Red October Chocolate Factory to Sell 55%

Russia's largest producer of confectionaries, the Red October chocolate factory, is to sell 55 percent of its stock, for the first time placing a major share in one of the icons of Soviet industry on the open market for cash, a company official said Thursday.


The share issue, which has been valued at $30 million, has been organized under the guidance of the British Know-How Fund and other Western advisors, although no date has yet been set.


The auction would make Red October the first major company in Russia to offer a significant chunk of its shares for cash and is designed to set an example for other companies, said Richard Oliver, an assistant director with the Samuel Montagu investment bank, an advisor on the project.
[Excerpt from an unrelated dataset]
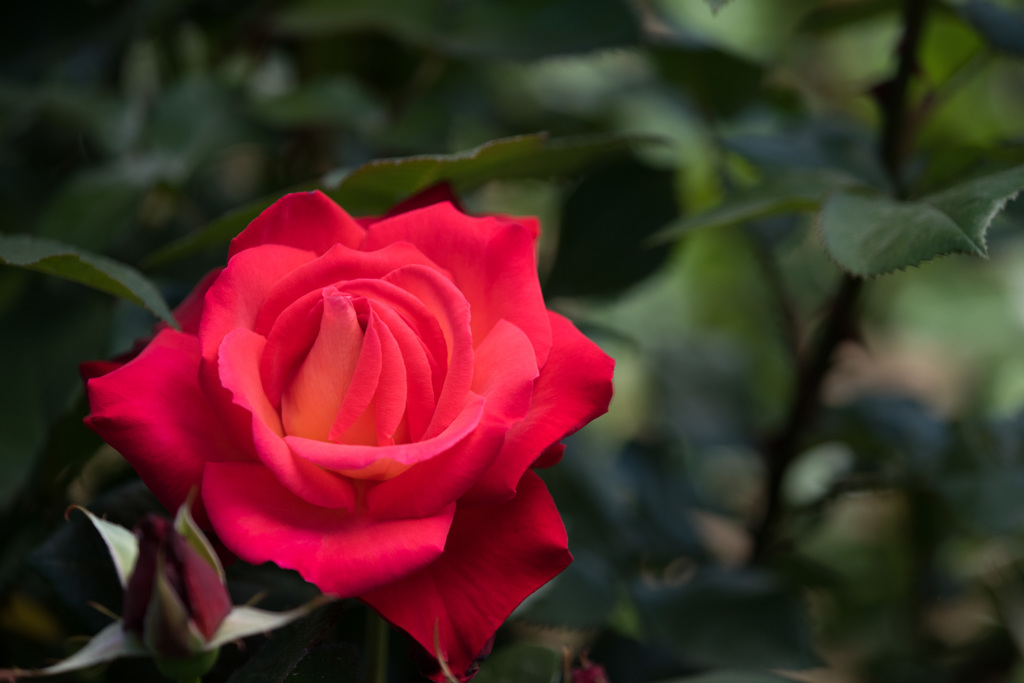 【大船植物園(光彩)】20150503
"This sale is to set some standard in how to operate cash sales," he said.


Red October was set up 127 years ago as the German-owned Einem factory, which won chocolate producers' competitions across Europe, festooned Moscow with bright advertisements and attained the title of Purveyor to the Palace Court.
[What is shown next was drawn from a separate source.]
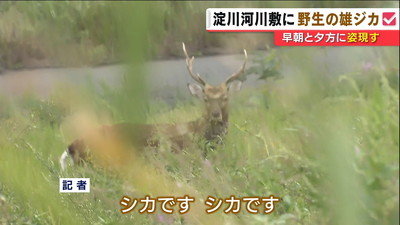 20170921-00000070-mbsnewsv-000-thumb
Since the October revolution of 1917, the red brick factory on the Moscow river has borne its present name and has acted as the primary purveyor of chocolates to the former Soviet Union.


With its historical glamor, profitability and location in the capital, Red October is one of the most attractive investment opportunities in Russia, said Michael Harman, senior consultant with the Policy Economics Group at the accountancy firm of KPMG Peat Marwick.


"It is the first time a profitable Russian company is selecting a Western partner it would be happy to work with," he said.


Red October made a net profit of $20 million last year and $8 million in the first half of 1994, said Tatyana Nikulshina, a manager with the Grant brokerage company that would conduct the auction. Its charter capital amounts to 10 billion rubles.


The Russian government trumpeted the advent of cash sales this summer after the voucher period of privatization came to an end, promising that the country's most attractive firms would put up their stocks at auctions.


However, the country's major companies have so far been presenting only tiny fractions of their stock at cash auctions, virtually precluding any significant foreign investment.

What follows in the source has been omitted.